YOUR OBJECTIVE: Retype all the entries word for word, but omit the pictures.
══ PROVIDED DATA
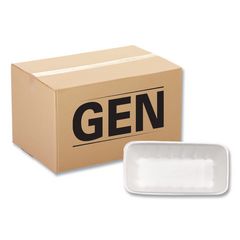Meat Trays, #10K, 10.75 x 5.95 x 1.87, White, Foam, 250/Carton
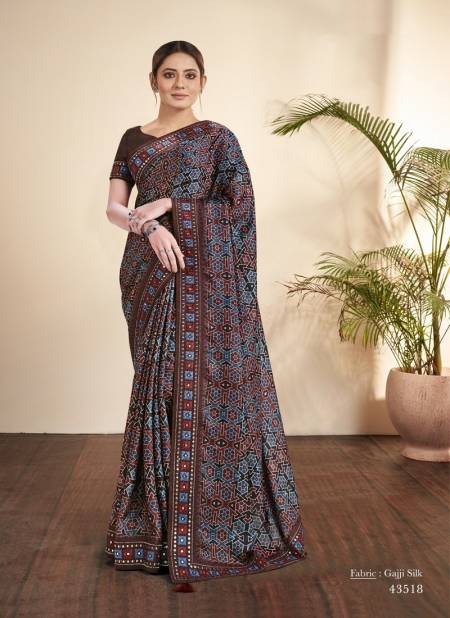 Brown Colour Norita 43500 Nirvi By Mahotsav New Festive Wear Designer Saree Wholesale Market In Surat 43518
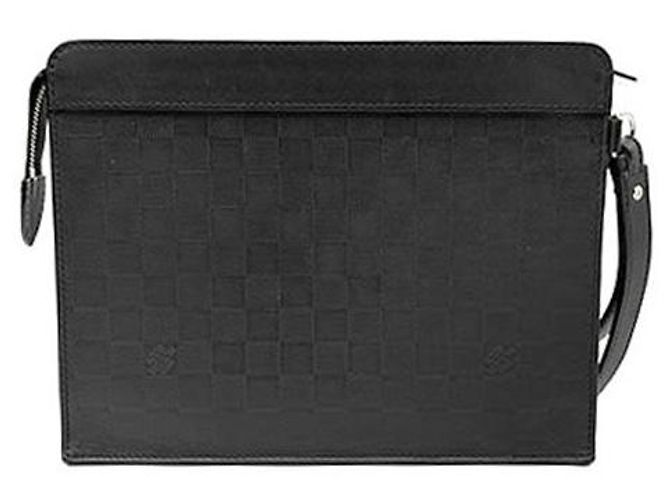 Louis Vuitton Clutch Standing Damier Infini Nero - vista 3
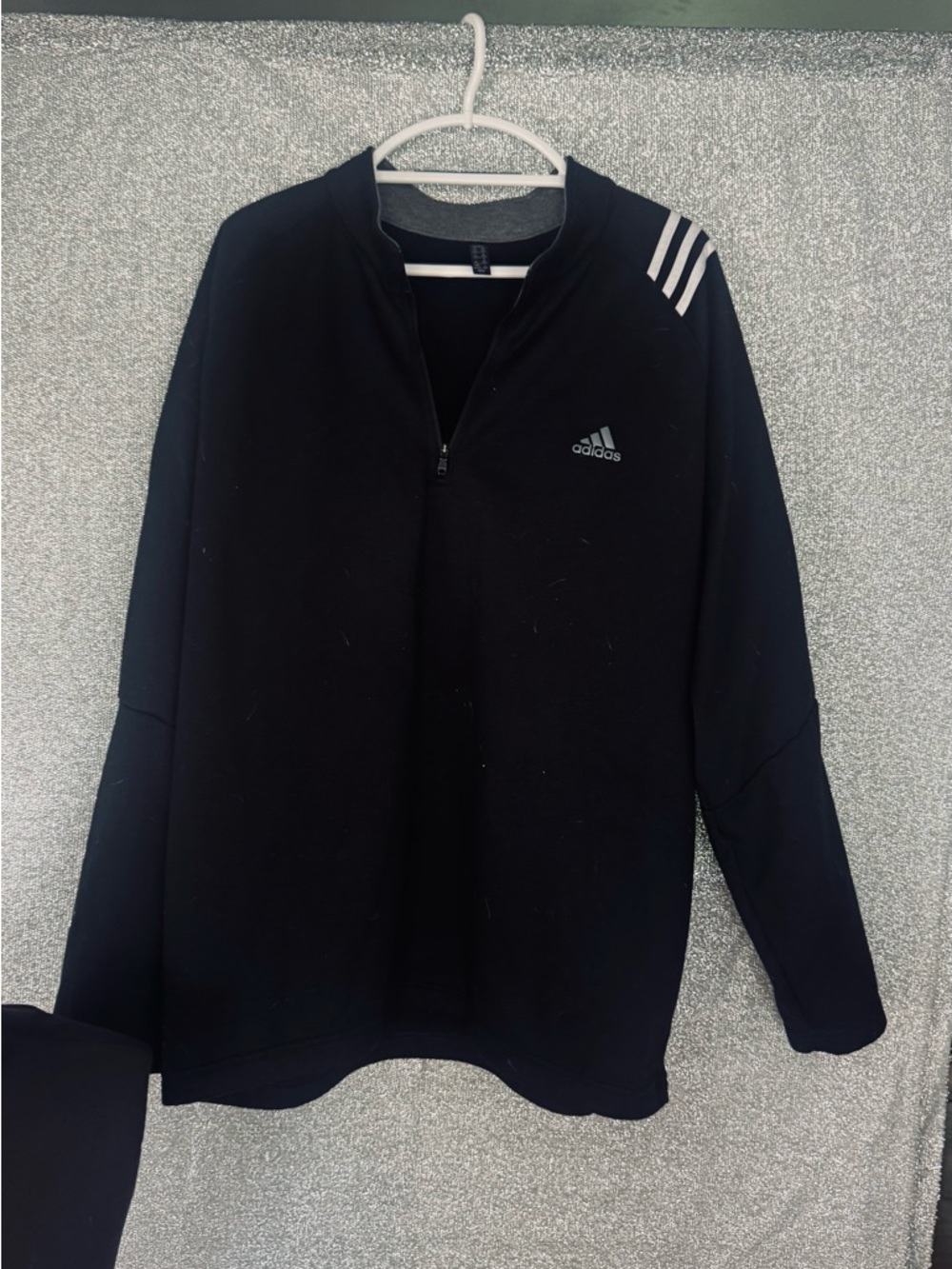 adidas Black Men’s Half-Zip Pullover with White Shoulder Stripes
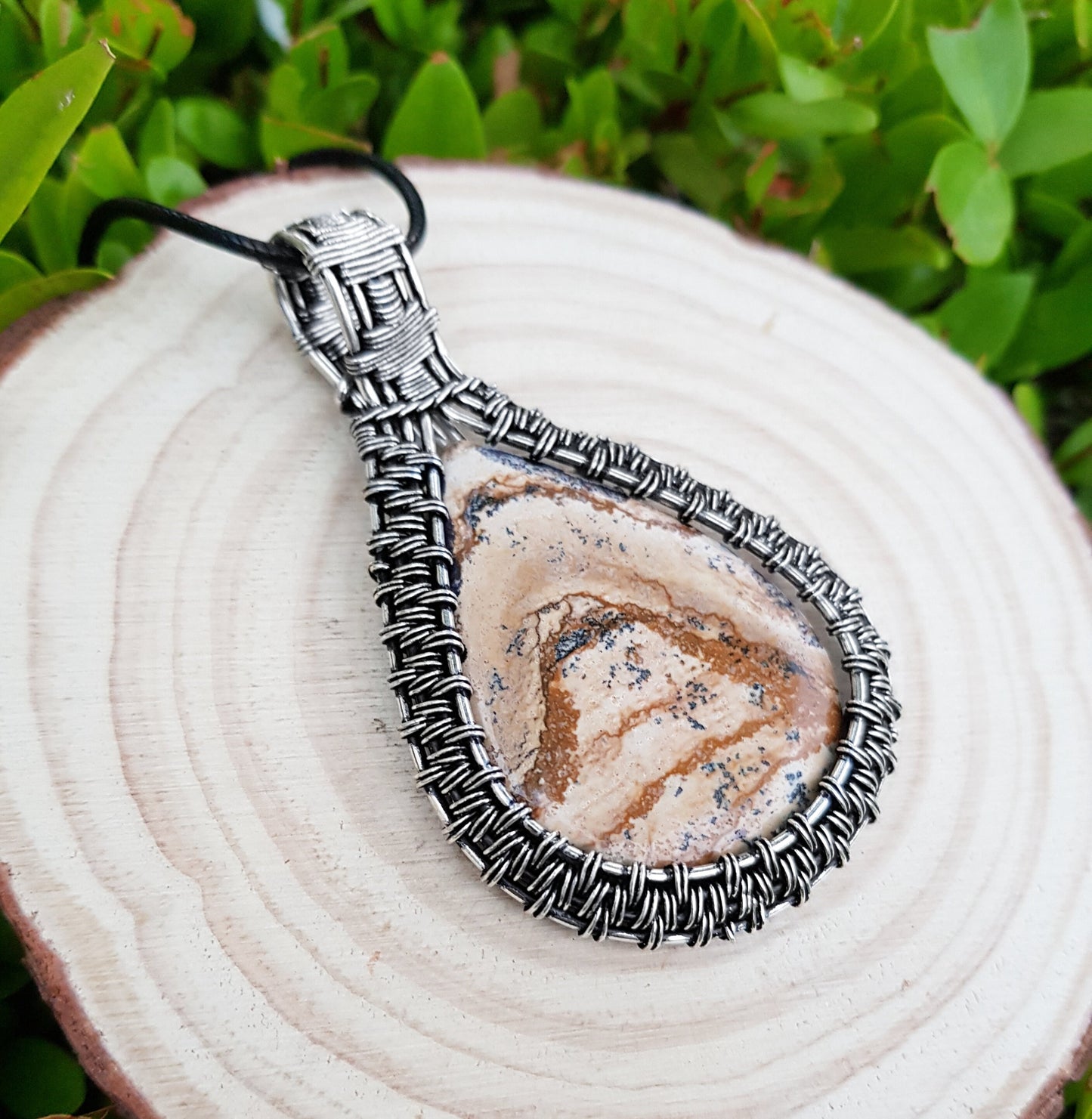 Earth Jasper Wire Wrapped Statement Pendant Boho Gemstone Necklace GypsyJewelry Unisex Necklace Tree Wire Wrap Necklace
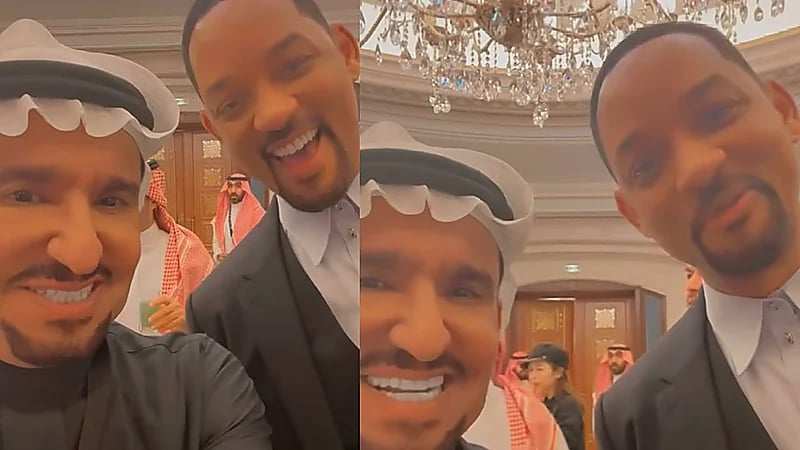 عبدالله السدحان برفقة ويل سميث في موقف طريف بمهرجان جدة .. فيديو
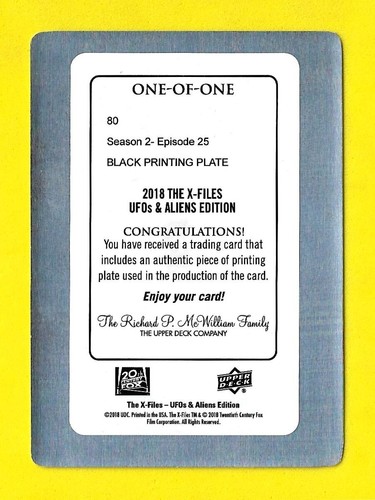 2019 Upper Deck X-Files UFO and Aliens 1/1 Black Printing Plate #80 - Picture 2 of 3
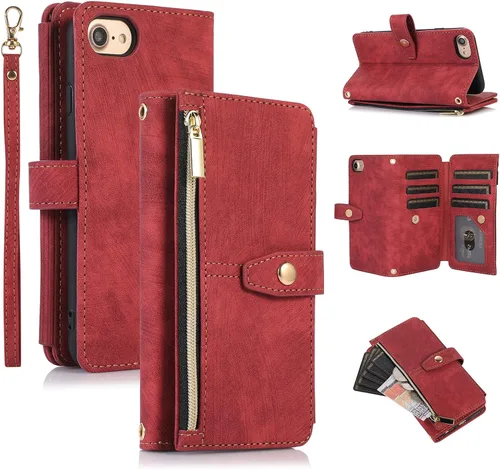 Miniatura 20 de UEEBAI Funda tipo cartera para iPhone SE 2022 5G/iPhone 7/iPhone 8/iPhone SE 2020, retro con 9 ranuras para tarjetas, bolsillo con cremallera, funda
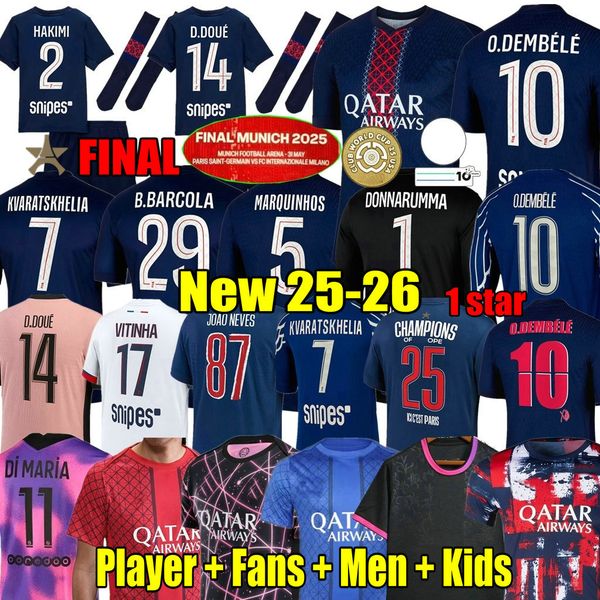 

FINAL 24 25 26 Maillot KVARATSKHELIA Soccer Jersey Kids Kit Player Fans Pre Match 2025 2026 Maglia Paris Home Away Football Shirt HAKIMI SE VITINHA DEMBELE, 24 25 away adult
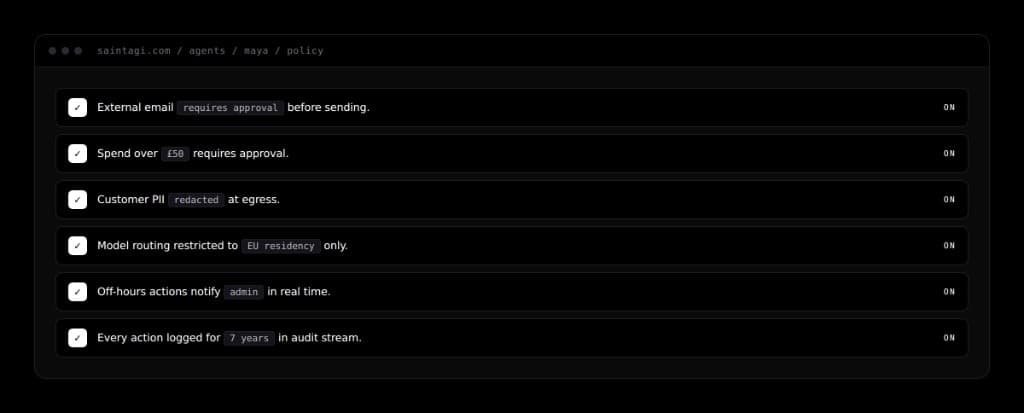 Saint AGI policy screen showing approval, spend, PII, model routing, notification, and audit stream guardrails.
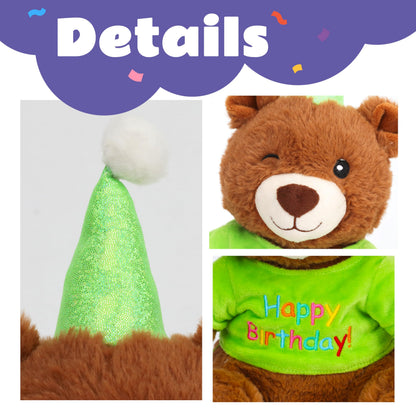Cuteoy Happy Birthday Bear Musical Stuffed Animal Shaking Singing Dancing Plush Toy Electric Interactive Animated Plushies Gifts for Kids Girls Boys
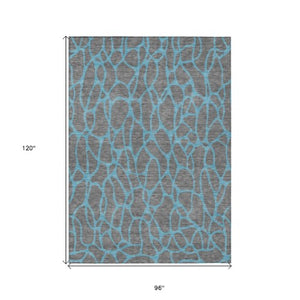 Homeroots 3' Beige And Blue Geometric Indoor Outdoor Area Rug – Durable, Washable, Stylish For Any Space 8' X 10' Polyester 599199
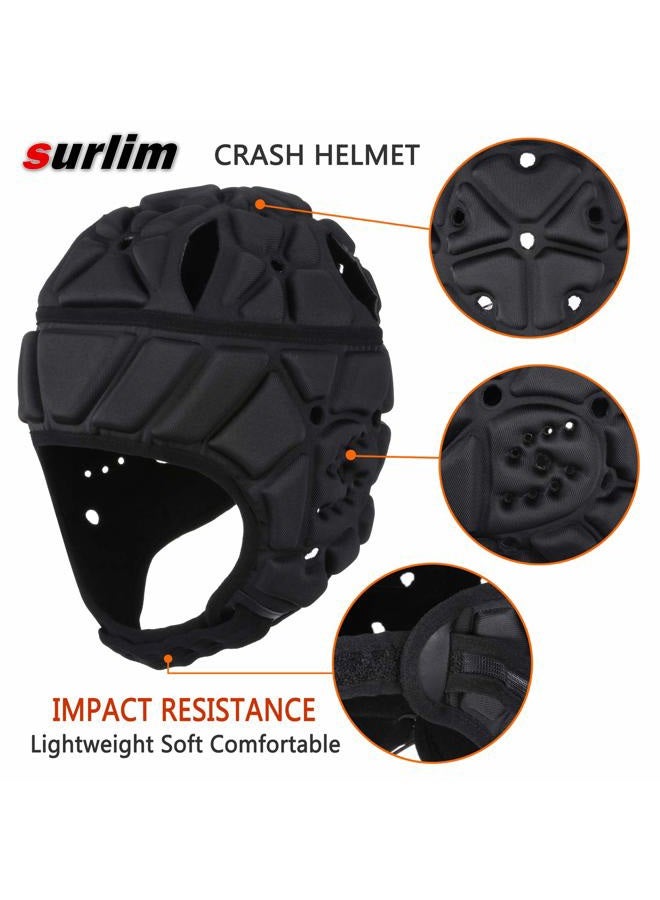 Surlim Soft Helmet Flag Football Rugby Helmet Scrum Cap Soft Shell Helmet Soccer Headgear for Youth Adults (Black, Large) - Image 3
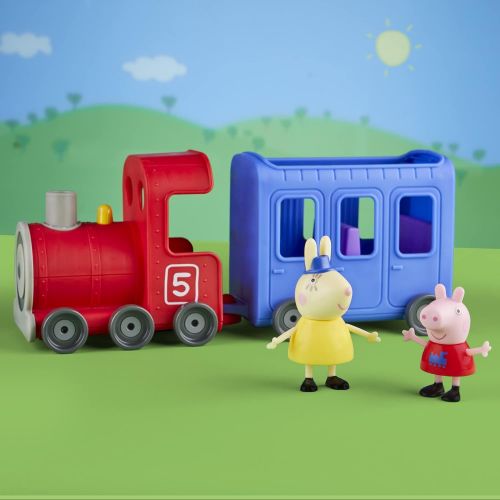 해즈브로 Hasbro Peppa Pig Peppa’s Adventures Miss Rabbit’s Train 2-Part Detachable Vehicle Preschool Toy: 2 Figures, Rolling Wheels, for Ages 3 and Up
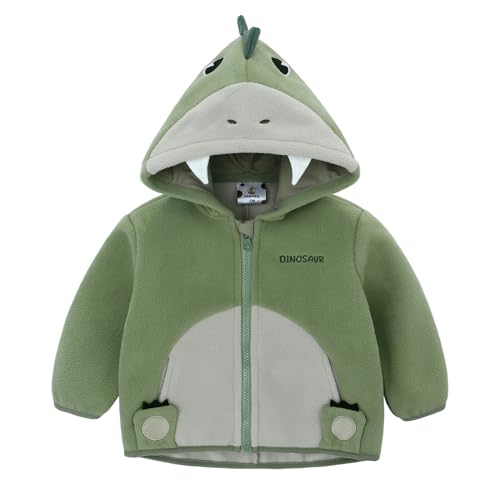 Famuka Baby Jacke Jungen Mädchen Übergangsjacke Fleece Reißverschluss Herbst Frühling Kleinkinder Mantel Kapuzenjacke (Grün, 18M) von Famuka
════
WRITTEN ANSWER:
Meat Trays, #10K, 10.75 x 5.95 x 1.87, White, Foam, 250/Carton
 Brown Colour Norita 43500 Nirvi By Mahotsav New Festive Wear Designer Saree Wholesale Market In Surat 43518
 Louis Vuitton Clutch Standing Damier Infini Nero - vista 3
 adidas Black Men’s Half-Zip Pullover with White Shoulder Stripes
 Earth Jasper Wire Wrapped Statement Pendant Boho Gemstone Necklace GypsyJewelry Unisex Necklace Tree Wire Wrap Necklace
 عبدالله السدحان برفقة ويل سميث في موقف طريف بمهرجان جدة .. فيديو
 2019 Upper Deck X-Files UFO and Aliens 1/1 Black Printing Plate #80 - Picture 2 of 3
 Miniatura 20 de UEEBAI Funda tipo cartera para iPhone SE 2022 5G/iPhone 7/iPhone 8/iPhone SE 2020, retro con 9 ranuras para tarjetas, bolsillo con cremallera, funda

FINAL 24 25 26 Maillot KVARATSKHELIA Soccer Jersey Kids Kit Player Fans Pre Match 2025 2026 Maglia Paris Home Away Football Shirt HAKIMI SE VITINHA DEMBELE, 24 25 away adult
 Saint AGI policy screen showing approval, spend, PII, model routing, notification, and audit stream guardrails.
Cuteoy Happy Birthday Bear Musical Stuffed Animal Shaking Singing Dancing Plush Toy Electric Interactive Animated Plushies Gifts for Kids Girls Boys
 Homeroots 3' Beige And Blue Geometric Indoor Outdoor Area Rug – Durable, Washable, Stylish For Any Space 8' X 10' Polyester 599199
 Surlim Soft Helmet Flag Football Rugby Helmet Scrum Cap Soft Shell Helmet Soccer Headgear for Youth Adults (Black, Large) - Image 3
 해즈브로 Hasbro Peppa Pig Peppa’s Adventures Miss Rabbit’s Train 2-Part Detachable Vehicle Preschool Toy: 2 Figures, Rolling Wheels, for Ages 3 and Up
 Famuka Baby Jacke Jungen Mädchen Übergangsjacke Fleece Reißverschluss Herbst Frühling Kleinkinder Mantel Kapuzenjacke (Grün, 18M) von Famuka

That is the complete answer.